Am I missing something?

"FOR ANNOUNCEMENT TO THE MARKET 

Total Revenue from continuing operations up 0.5% to NZ$240.6 million. 

Net profit after tax from continuing operations attributable to shareholders increased NZ$4.8 million 
(+44%) to NZ$15.7 million. 

Net profit after tax attributable to shareholders (including discontinued operations) increased 561% 
to NZ$214.5 million. 

Earnings per share on continuing operations increased by 44% to NZ8.33 cents per share (NZ5.78 
cents per share in corresponding period on a like for like basis). 

No interim dividend has been declared and as such no dividend will be paid for the six months 
ended 31 March 2007. 

Net Asset backing as at 31 March 2007 was NZ$1.28 per share (NZ$1.70 per share as at 31 
March 2006). "

Looks good to me.


----------



## Fool (26 November 2009)

Stock code: TWR

TOWER LIMITED

Current Price $1.510

About the company 
Tower Limited (TWR) provides a comprehensive range of risk insurance and wealth management products and services to customers throughout New Zealand and the Pacific Islands. Products and services include life and general insurance, superannuation, retail managed funds and master trusts.

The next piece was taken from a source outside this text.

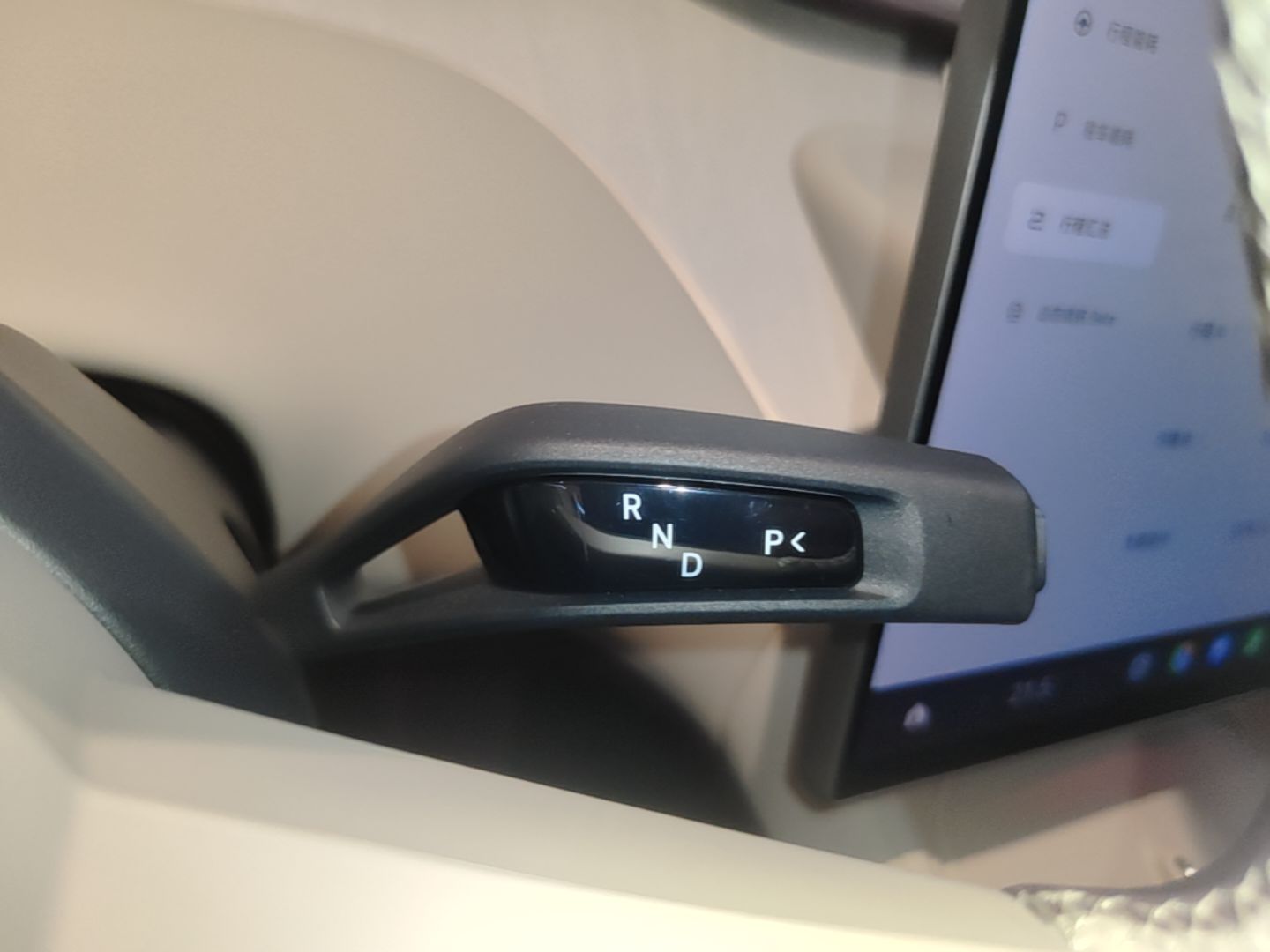 Xiaomi Auto YU7 2026 Standard Edition — снимка 16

Insurance Market Cap $385 Million

Shareholders Buying
Date	Shareholder	Previous %	New %	Shares Traded
28-04-09	Orbis Group	5.02%	6.33%	2,628,272
02-10-09	Orbis Group	6.33%	7.68%	7,328,827

Shareholders Selling 
Date	Shareholder	Previous %	New %	Shares Traded
No Shareholder Activity

P/E Ratio - 7.69 

See todays announcement "TOWER Dividend"

“TOWER advises that a final dividend of 9 cents per share will be paid on 2 February 2010 (Payment
Date) to all shareholders as at 5pm on Friday, 15 January 2010 (Record Date).

Dividend Yield of 5.96%,  pretty good for a $1.5 stock. 

DYOR


----------



## oldblue (27 November 2009)

Yes, TWR's made a good recovery over the last year or two. The SP responded appropriately yesterday.

With GPG holding 35% of the stock there's the prospect of corporate action at some stage.Would TWR be the aggressor or the target?


----------



## Tommy Shelby (2 February 2022)

Pretty quiet thread on this company.

Tower is an insurance company servicing NZ and Pacific region, can't be easy with the number of earthquakes etc and example being the volcano eruption in Tonga.

Profit guidance for $21-$25m at a current MC of $264m = P/E of between 10.5 - 12.5 and 6% dividend yield.

TWR has IRD approval for a return of capital to shareholders via share buy back. at NZ$.72 the company will be paying $0.67 AUD for 1 of every 10 shares held.

Shame it isn't in the ASX300 - would be tempted to add into the super fund


----------